O grupo Metrô foi formado em 1979 por cinco amigos e alunos do Lycée Pasteur, da Vila Mariana, em São Paulo. A banda é formada por Virginie Boutaud (voz), Alec Haiat (guitarra), Yann Lao (teclados), Xavier Leblanc (baixo) e Dany Roland (bateria), todos franceses ou filhos de franceses radicados no Brasil. Gravou o primeiro disco, um álbum independente, como "A Gota Suspensa", e o trabalho despertou a atenção da Epic (Sony), empenhada em descobrir novos grupos musicais. A banda foi contratada e mudou o nome para Metrô, gravando em 1985 o disco "Olhar", obtendo enorme sucesso com músicas como "Beat Acelerado", "Sandalo de Dândi", "Johnny Love", "Ti Ti Ti" e "Tudo Pode Mudar". Com a música “Johnny Love”, Virginie e companhia fizeram uma participação no filme “Rock Estrela”, cantando ao lado de Léo Jaime.
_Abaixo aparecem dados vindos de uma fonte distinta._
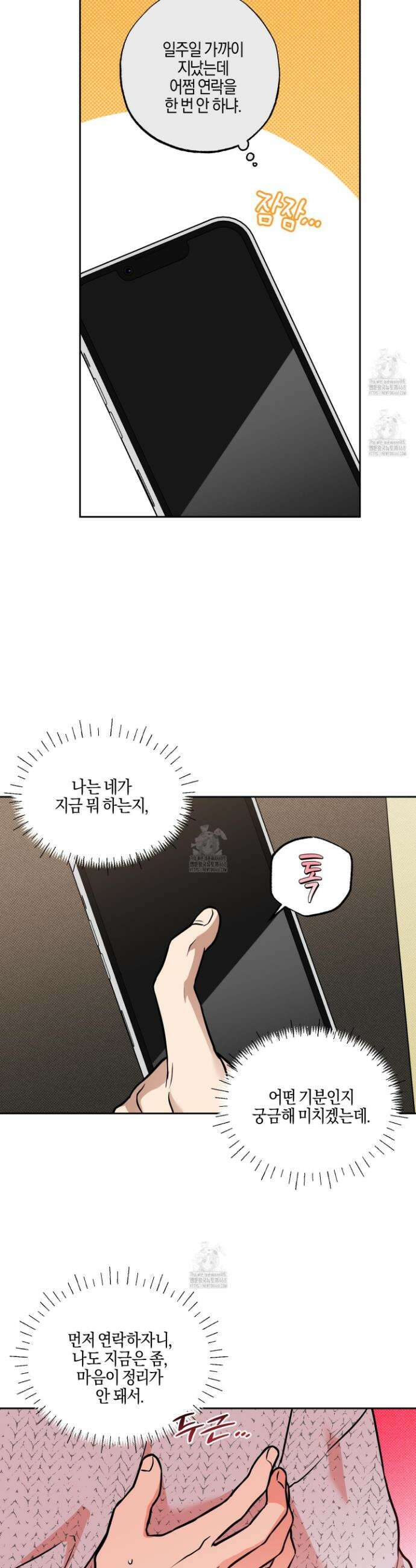 슈가트랩 슈가트랩 44화 18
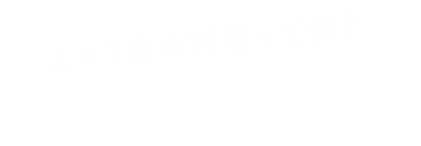 えっ？あの料理って何？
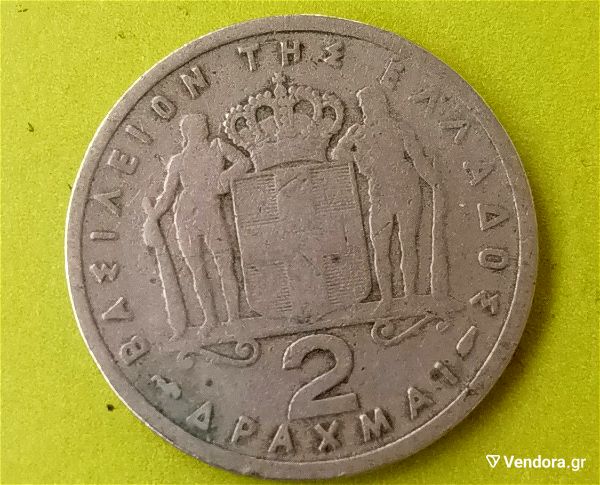 2 drachmes 1957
Criticados por alguns por não falarem de “assuntos sérios” como abertura política e afins, os músicos do Metrô resolveram mudar o discurso, indo pelo mesmo caminho de Cazuza e Legião Urbana. Mas Virginie não concordou e acabou “demitida”. Assim, a cantora e também compositora partiu para carreira-solo, formando o grupo "Virginie & O Fruto Proibido", constituído por Albino Infantozzi (bateria e percussão), Don Beto (violões e guitarra) e Nilton Leonarde (baixo). Com ele, a cantora gravou o disco "Crime Perfeito", lançado em 1988 pela Epic e já disponibilizado aqui. O Metrô, por sua vez, substituiu a vocalista por um novo, Pedro D’Orey, e lançou um LP, sem nenhuma repercussão. Com o tempo, cada um seguiu seu caminho, e voltou em 2002 com este álbum que, lamentavelmente, não serviu para reuni-los definitivamente.